Licenziamento in Sirti, Fim Cisl Sicilia proclama lo stato di agitazione

Fim Cisl accusa l’azienda di violare le norme sui trasferimenti e chiede la reintegra immediata

La Fim Cisl Sicilia ha lanciato un duro attacco contro Sirti Spa dopo il licenziamento di una lavoratrice avvenuto il 10 giugno, nel pieno di una delicata fase di confronto tra azienda e sindacati. Pietro Nicastro, segretario generale della Fim Cisl regionale, ha definito il provvedimento “gravemente illegittimo e inaccettabile”, sottolineando come esso rappresenti una violazione della normativa sul trasferimento d’azienda (art. 47 della Legge 428/90). Il licenziamento è stato eseguito proprio mentre è ancora in corso la procedura di esame congiunto, strumento previsto per gestire in modo condiviso e trasparente i processi di riorganizzazione aziendale. L’incontro ufficiale tra azienda, sindacati nazionali e locali, e RSU di tutta Italia è previsto per il 16 giugno.

Fim Cisl proclama lo stato di agitazione: “Atto di sfiducia verso il confronto sindacale”

In risposta all’episodio, la Fim Cisl ha immediatamente proclamato lo stato di agitazione e ha chiesto la reintegra immediata della lavoratrice.
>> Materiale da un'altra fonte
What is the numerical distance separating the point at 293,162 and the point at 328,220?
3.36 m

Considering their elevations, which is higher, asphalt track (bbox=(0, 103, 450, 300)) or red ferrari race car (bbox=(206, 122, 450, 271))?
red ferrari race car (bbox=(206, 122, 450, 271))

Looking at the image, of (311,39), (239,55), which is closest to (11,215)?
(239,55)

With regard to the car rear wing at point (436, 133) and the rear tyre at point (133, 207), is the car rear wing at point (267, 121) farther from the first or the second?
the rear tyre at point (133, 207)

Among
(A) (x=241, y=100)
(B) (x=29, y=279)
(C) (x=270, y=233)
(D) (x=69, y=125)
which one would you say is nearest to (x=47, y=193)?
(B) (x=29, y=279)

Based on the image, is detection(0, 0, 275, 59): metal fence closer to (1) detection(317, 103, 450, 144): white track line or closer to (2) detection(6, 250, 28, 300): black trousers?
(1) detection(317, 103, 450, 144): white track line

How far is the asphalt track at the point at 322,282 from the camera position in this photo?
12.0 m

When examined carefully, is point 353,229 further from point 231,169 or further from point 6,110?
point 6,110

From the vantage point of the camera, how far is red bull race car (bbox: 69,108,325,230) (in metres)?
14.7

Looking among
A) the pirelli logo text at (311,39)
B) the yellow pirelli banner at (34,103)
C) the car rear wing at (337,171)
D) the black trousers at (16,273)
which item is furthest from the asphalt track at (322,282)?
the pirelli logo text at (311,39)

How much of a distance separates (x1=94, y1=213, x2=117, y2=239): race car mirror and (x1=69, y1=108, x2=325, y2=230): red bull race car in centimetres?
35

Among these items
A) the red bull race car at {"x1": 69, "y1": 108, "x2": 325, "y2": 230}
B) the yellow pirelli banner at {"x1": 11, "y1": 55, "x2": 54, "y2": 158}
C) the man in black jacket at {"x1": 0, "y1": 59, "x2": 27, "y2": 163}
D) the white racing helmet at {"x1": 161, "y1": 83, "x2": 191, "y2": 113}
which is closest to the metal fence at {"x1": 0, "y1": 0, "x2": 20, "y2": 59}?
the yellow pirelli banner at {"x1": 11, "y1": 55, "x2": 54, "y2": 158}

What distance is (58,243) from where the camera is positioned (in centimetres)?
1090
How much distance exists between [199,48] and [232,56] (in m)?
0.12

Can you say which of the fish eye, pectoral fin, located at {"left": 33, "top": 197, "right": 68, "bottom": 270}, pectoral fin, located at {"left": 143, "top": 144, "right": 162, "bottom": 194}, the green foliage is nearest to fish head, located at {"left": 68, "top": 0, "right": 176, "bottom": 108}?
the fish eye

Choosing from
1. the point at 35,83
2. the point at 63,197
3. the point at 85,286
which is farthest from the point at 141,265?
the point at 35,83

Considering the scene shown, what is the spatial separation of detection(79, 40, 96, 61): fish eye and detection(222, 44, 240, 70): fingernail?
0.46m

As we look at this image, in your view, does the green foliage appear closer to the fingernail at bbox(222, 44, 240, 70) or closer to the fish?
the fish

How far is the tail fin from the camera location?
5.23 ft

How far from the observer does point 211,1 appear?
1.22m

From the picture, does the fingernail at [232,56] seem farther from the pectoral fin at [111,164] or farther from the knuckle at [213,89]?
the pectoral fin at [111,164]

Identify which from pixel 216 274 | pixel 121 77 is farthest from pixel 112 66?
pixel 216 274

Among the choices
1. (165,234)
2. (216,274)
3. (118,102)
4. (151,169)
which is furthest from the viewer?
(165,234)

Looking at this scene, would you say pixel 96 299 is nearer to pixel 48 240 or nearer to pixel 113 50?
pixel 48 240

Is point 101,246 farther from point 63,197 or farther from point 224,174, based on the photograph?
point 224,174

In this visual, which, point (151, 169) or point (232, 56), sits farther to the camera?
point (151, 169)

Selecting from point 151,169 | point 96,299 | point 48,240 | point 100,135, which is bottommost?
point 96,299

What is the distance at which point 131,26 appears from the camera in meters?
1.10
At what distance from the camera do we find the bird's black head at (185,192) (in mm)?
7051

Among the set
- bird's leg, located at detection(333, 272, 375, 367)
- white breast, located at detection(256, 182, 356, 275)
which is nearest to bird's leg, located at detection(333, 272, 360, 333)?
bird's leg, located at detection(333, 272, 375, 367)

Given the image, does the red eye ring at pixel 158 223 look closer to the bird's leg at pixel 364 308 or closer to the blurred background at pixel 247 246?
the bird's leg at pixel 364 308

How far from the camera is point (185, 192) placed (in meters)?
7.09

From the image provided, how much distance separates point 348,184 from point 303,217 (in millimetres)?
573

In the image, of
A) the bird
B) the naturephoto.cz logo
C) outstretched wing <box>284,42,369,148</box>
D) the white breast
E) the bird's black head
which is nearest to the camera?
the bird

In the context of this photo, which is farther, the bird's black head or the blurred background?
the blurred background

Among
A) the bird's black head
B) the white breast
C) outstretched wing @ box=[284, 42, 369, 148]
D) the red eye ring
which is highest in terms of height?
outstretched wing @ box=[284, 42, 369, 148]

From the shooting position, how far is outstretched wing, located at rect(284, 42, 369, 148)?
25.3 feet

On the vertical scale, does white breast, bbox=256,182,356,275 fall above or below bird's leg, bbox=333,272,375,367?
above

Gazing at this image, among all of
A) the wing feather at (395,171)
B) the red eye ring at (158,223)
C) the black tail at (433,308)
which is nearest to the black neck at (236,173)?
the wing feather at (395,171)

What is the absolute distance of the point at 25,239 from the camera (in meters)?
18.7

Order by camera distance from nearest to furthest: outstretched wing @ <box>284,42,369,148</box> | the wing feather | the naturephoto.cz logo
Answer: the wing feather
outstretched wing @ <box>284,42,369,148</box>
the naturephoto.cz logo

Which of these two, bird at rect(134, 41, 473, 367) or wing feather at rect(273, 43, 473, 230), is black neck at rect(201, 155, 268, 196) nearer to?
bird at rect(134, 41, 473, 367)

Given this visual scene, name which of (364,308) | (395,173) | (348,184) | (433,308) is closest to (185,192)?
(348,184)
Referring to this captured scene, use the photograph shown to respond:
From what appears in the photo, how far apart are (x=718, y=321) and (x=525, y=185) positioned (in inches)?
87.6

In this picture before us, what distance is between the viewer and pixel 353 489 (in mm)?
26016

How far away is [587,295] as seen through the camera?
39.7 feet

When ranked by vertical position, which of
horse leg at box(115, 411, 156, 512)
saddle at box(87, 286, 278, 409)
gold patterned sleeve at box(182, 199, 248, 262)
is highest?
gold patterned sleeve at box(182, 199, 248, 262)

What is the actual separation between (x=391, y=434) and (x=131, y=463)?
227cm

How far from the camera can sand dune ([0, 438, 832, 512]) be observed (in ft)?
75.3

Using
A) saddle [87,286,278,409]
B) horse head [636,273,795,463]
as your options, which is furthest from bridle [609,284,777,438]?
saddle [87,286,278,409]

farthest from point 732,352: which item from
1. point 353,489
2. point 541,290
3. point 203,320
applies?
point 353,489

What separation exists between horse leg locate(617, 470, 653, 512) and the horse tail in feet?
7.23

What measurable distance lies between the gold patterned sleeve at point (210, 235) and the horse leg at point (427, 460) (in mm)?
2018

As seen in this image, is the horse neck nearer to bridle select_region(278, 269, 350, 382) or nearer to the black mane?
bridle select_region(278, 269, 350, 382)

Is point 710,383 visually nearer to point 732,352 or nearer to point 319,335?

Secondo Nicastro, “questa decisione unilaterale mina profondamente il valore delle relazioni industriali” e rappresenta un pericoloso precedente per tutti i lavoratori coinvolti nella procedura di trasferimento di ramo d’azienda. Il sindacalista ha ribadito che l’esame congiunto non può essere utilizzato come copertura per escludere arbitrariamente personale scomodo, ma serve piuttosto a garantire la tenuta occupazionale e a ridurre al minimo l’impatto sociale di eventuali riorganizzazioni.
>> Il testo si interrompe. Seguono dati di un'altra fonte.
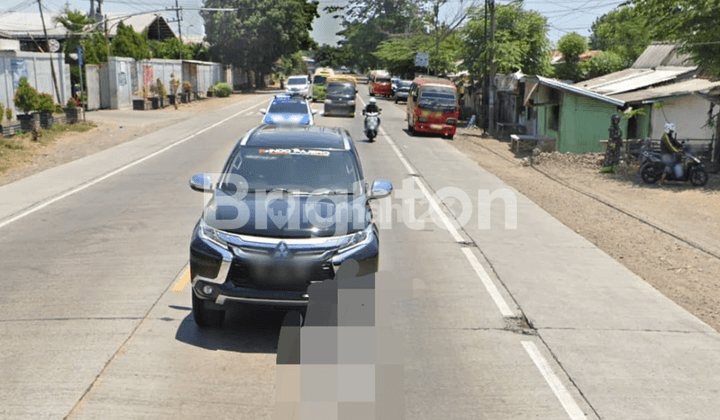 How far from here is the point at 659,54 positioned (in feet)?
132

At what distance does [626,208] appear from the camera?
59.3 feet

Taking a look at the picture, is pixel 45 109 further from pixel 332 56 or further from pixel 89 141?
pixel 332 56

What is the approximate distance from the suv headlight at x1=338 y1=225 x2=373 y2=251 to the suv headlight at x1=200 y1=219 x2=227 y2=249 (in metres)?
1.10

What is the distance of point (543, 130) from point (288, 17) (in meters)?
48.9

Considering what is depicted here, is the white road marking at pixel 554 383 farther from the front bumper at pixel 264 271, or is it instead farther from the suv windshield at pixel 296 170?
the suv windshield at pixel 296 170

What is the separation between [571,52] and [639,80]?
49.3 ft

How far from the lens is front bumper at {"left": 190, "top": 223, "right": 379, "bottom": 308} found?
7.29 meters

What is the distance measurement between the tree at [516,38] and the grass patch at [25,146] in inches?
876

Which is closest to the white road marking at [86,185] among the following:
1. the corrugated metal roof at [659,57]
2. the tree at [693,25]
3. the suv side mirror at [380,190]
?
the suv side mirror at [380,190]

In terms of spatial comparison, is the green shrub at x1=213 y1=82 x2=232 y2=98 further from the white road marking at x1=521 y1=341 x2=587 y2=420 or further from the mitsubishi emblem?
the white road marking at x1=521 y1=341 x2=587 y2=420

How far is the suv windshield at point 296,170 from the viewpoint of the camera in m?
8.71

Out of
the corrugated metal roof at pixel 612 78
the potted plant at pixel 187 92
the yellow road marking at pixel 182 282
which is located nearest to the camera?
the yellow road marking at pixel 182 282

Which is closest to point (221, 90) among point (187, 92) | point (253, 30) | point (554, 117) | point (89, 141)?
point (253, 30)

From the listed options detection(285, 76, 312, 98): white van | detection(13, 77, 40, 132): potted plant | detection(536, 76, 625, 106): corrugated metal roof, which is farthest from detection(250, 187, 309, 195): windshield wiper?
detection(285, 76, 312, 98): white van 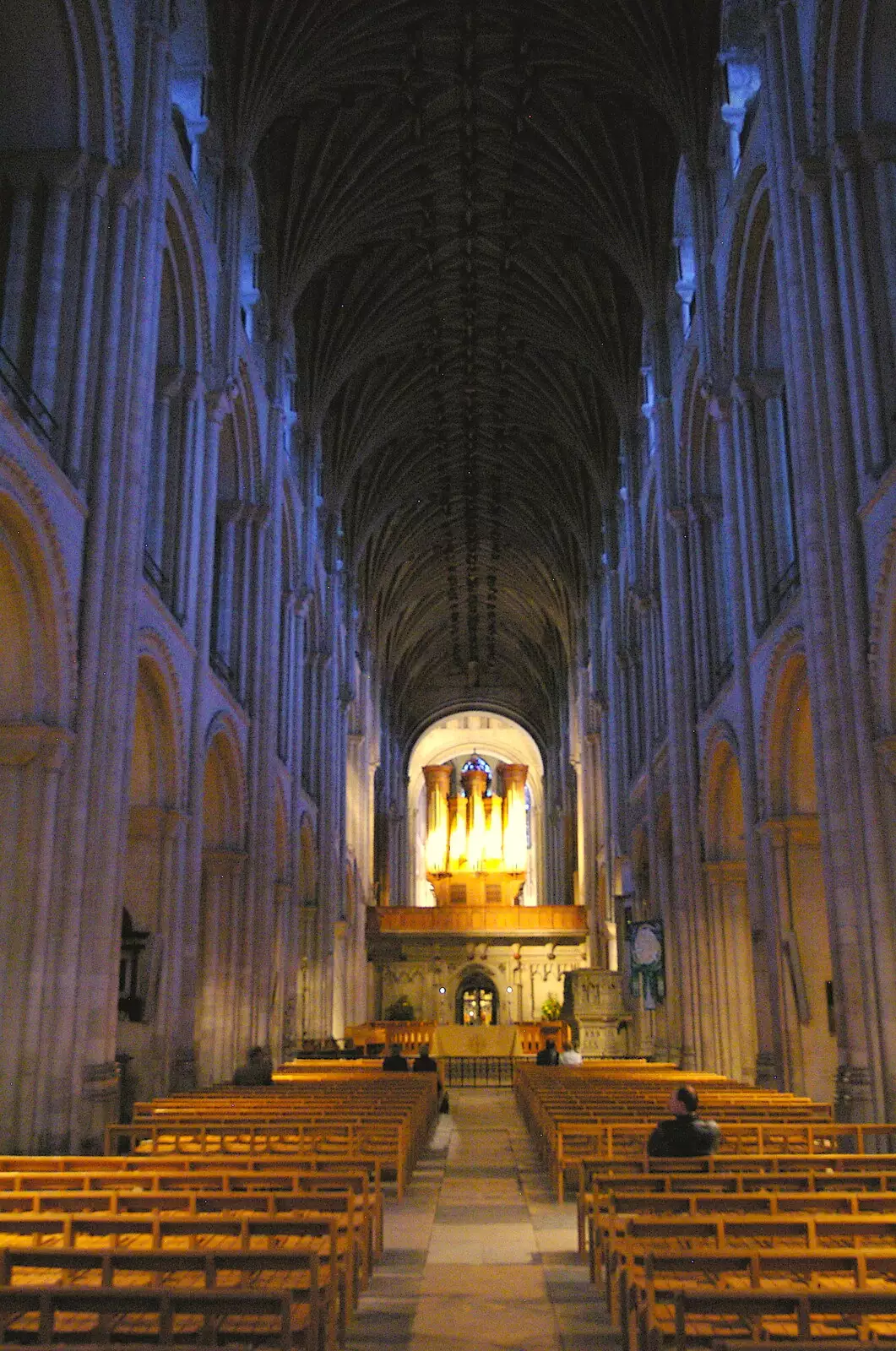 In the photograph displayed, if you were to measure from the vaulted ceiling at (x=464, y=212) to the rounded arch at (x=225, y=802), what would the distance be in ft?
32.1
Appello a Sirti: “Serve un dialogo vero e trasparente

“La Fim Cisl – ha affermato Nicastro – non permetterà che venga calpestato il diritto al lavoro, soprattutto in un momento delicato per l’intera azienda”. Il sindacato ricorda che i lavoratori di Sirti hanno affrontato anni di difficoltà, contribuendo con responsabilità e sacrifici alla sopravvivenza dell’azienda, anche grazie all’utilizzo di strumenti come la cassa integrazione. Alla luce di ciò, la richiesta è chiara: revocare il licenziamento, avviare un confronto serio e dimostrare rispetto per chi ha sostenuto Sirti nei momenti di crisi. La Fim Cisl chiede inoltre una presa di posizione netta da parte di tutto il coordinamento nazionale delle RSU e delle altre sigle sindacali, affinché non si crei un precedente che possa compromettere la tutela dei diritti collettivi nel settore.